I have a really weird problem that I can't figure out. I am trying to set up a self-managed MinIO tenant, with 3 pods with 3 drives each, one for each node in my 3 node K3S setup in a embedded etcd HA configuration :
NAME STATUS ROLES AGE VERSION
k3s-node1 Ready control-plane,etcd,master 121d v1.25.3+k3s1
k3s-node2 Ready control-plane,etcd,master 121d v1.25.3+k3s1
k3s-node3 Ready control-plane,etcd,master 121d v1.25.3+k3s1
None of the nodes have any taints :
[root@k3s-node1 minIO]# kubectl describe nodes | grep Taints
Taints: <none>
Taints: <none>
Taints: <none>
Creating the tenant is done through the MinIO operator. I tested deploying it dozens of times on my set up while testing helm charts and it worked fine, but suddenly since a day ago one pod keeps being in "pending" state when trying to deploy on k3s-node2
specifically, despite the node showing as ready status above. All the other pods for the other two nodes deploy successfully.

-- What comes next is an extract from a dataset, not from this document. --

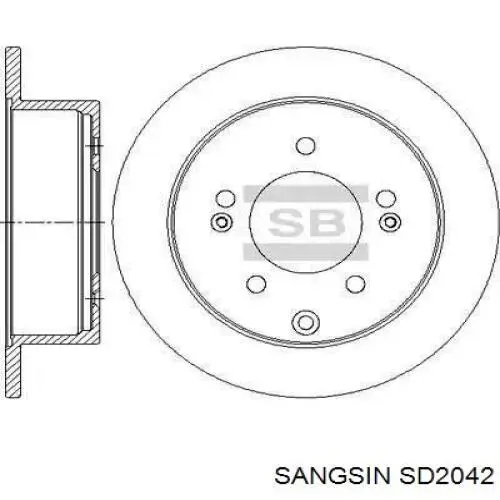 SD2042 Sangsin disco de freno trasero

When printing the yaml of the pod (which is identical to the other working pods other than hostname), the affinity looks like this :
spec:
affinity:
podAntiAffinity:
requiredDuringSchedulingIgnoredDuringExecution:
- labelSelector:
matchExpressions:
- key: v1.min.io/tenant
operator: In
values:
- <my tenant name>
- key: v1.min.io/pool
operator: In
values:
- pool-1
topologyKey: kubernetes.io/hostname
k3s-node2 has plenty of CPU, RAM, and disk space. The pod that fails to deploy to k3s-node2 shows this status on pod describe :
status:
conditions:
- lastProbeTime: null
lastTransitionTime: "2023-03-20T05:08:11Z"
message: '0/3 nodes are available: 3 node(s) didn''t satisfy existing pods anti-affinity
rules. preemption: 0/3 nodes are available: 3 No preemption victims found for
incoming pod.'
reason: Unschedulable
status: "False"
type: PodScheduled
phase: Pending
qosClass: BestEffort
I've always deployed via namespaces and when testing I've always fully deleted the entire namespace before attempting to redeploy. So I don't think there should be any lingering resources. I've also run
kubectl get pod -o=custom-columns=NODE:.spec.nodeName,NAME:.metadata.name,NAMESPACE:.metadata.namespace --all-namespaces
and see no duplicate pods.
What am I doing wrong here? I've changed zero configuration since it last deployed perfectly but for some reason the topologyKey doesn't seem to recognize k3s-node2, despite the node showing as READY.
EDIT :
Just in case my issue was node roles, I uninstalled K3S on node 2 and node 3 and re-installed (making sure it's installed as agent not server), then added worker label :
NAME STATUS ROLES AGE VERSION
k3s-node1 Ready control-plane,etcd,master 122d v1.25.3+k3s1
k3s-node2 Ready worker 20m15s v1.25.7+k3s1
k3s-node3 Ready worker 12m10s v1.25.7+k3s1
Still doesn't work.
Edit 2 :
I deleted all namespaces, drained node 2 and node 3, deleted those nodes from the cluster, uninstalled K3S on ALL nodes, to do a full restart. The pods deploy now... I have no idea what was causing this. It's a good thing K3S is so easy to set up.